Dataset items
::::
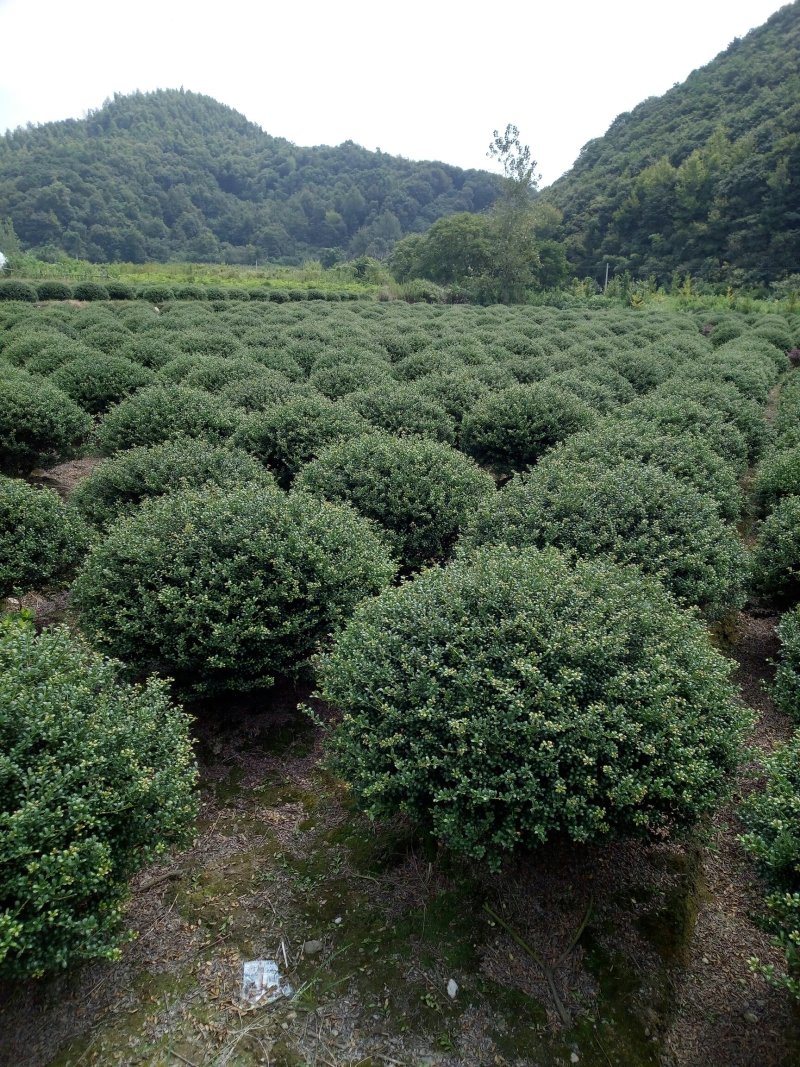龟甲冬青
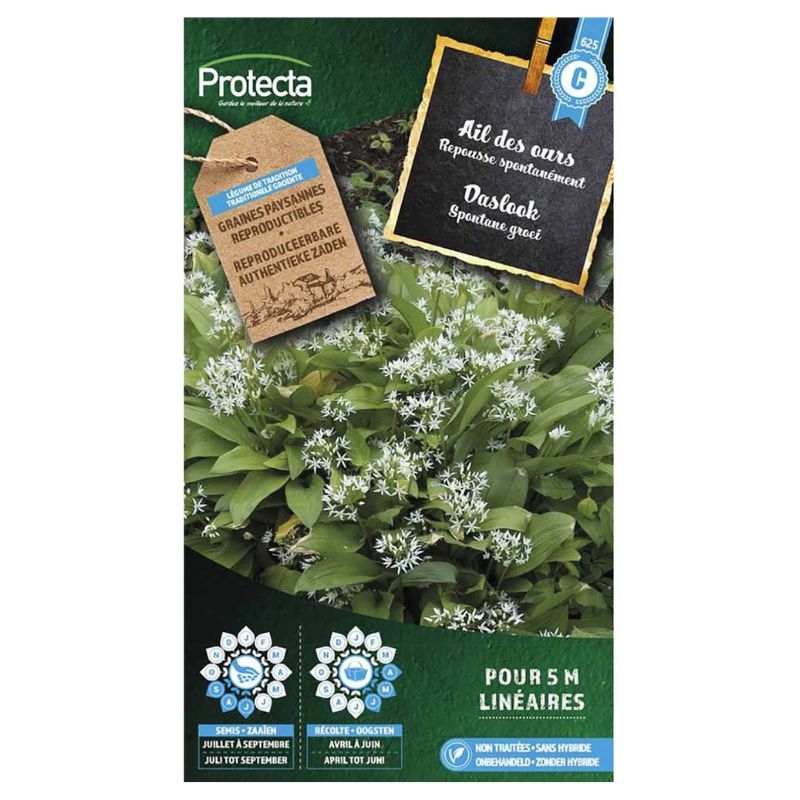 Close-up van daslookplanten met groene bladeren en witte, stervormige bloemen.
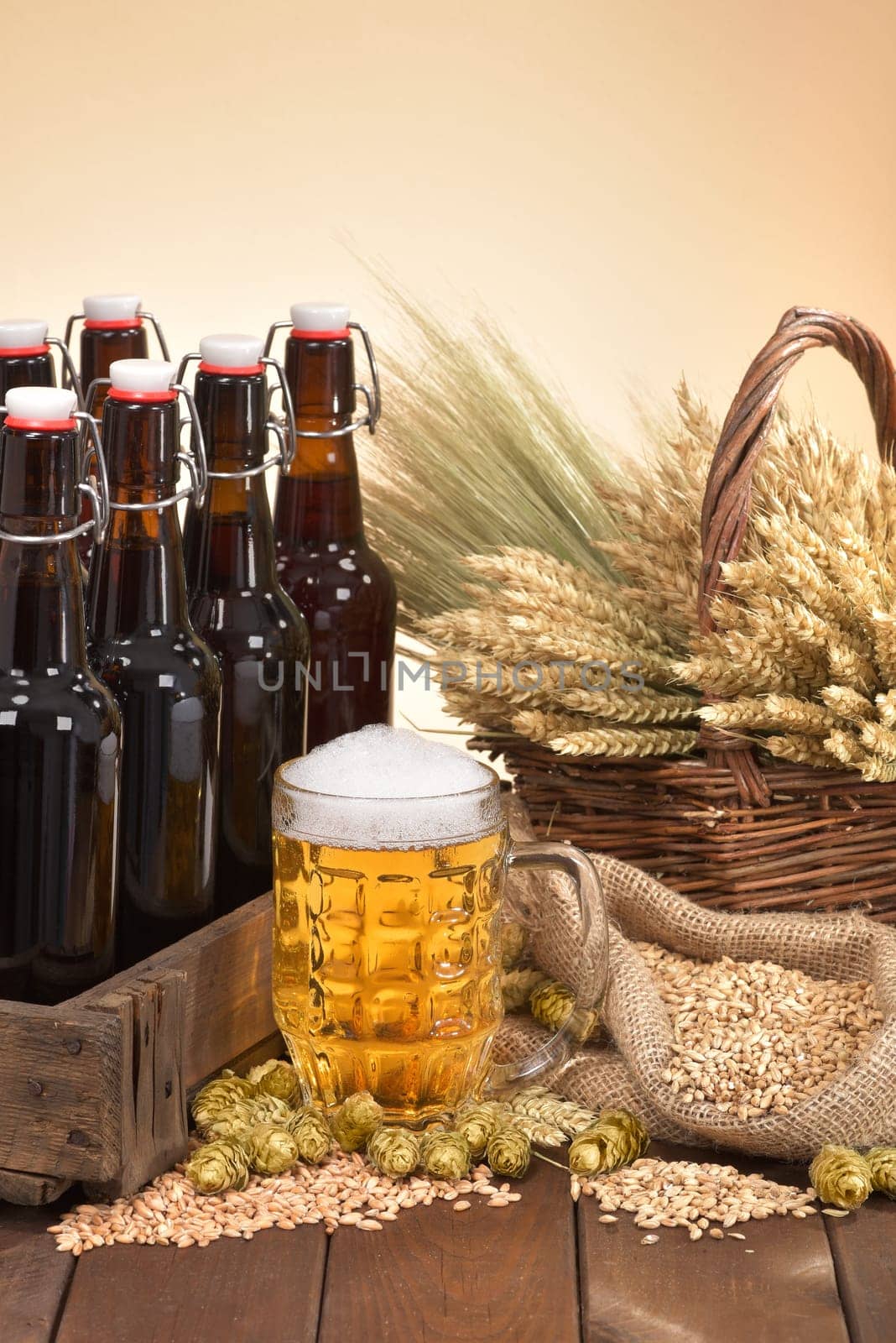 Beer box and beer glass with wheat,barley,hops and malt
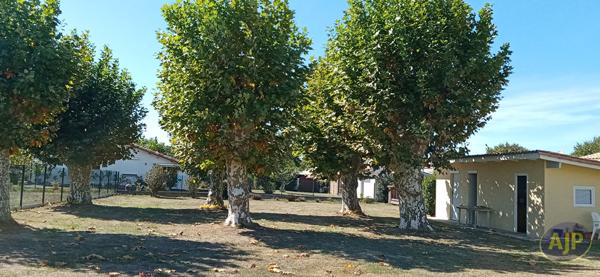 Terrains à vendre Lege Cap Ferret : surface de 802 m2 à 189 900€ - AJP Immobilier Lège-Cap-Ferret
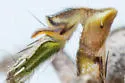 Habronattus cuspidatus - photo 2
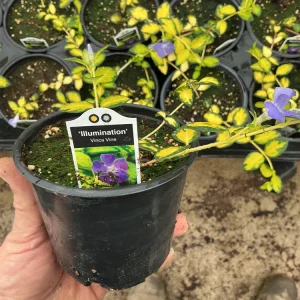 Vinca Vine 'Illumination' Live Plant – 4.5 inch Nursery Pot – Outdoor Groundcover - Image 3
::::
_Assignment_
Transcribe exactly the span of lines that opens with the line holding "Beer box and" and closes with the last line of the entries above. Omit pictures.

_Answer to the exercise_
 Beer box and beer glass with wheat,barley,hops and malt
 Terrains à vendre Lege Cap Ferret : surface de 802 m2 à 189 900€ - AJP Immobilier Lège-Cap-Ferret
 Habronattus cuspidatus - photo 2
 Vinca Vine 'Illumination' Live Plant – 4.5 inch Nursery Pot – Outdoor Groundcover - Image 3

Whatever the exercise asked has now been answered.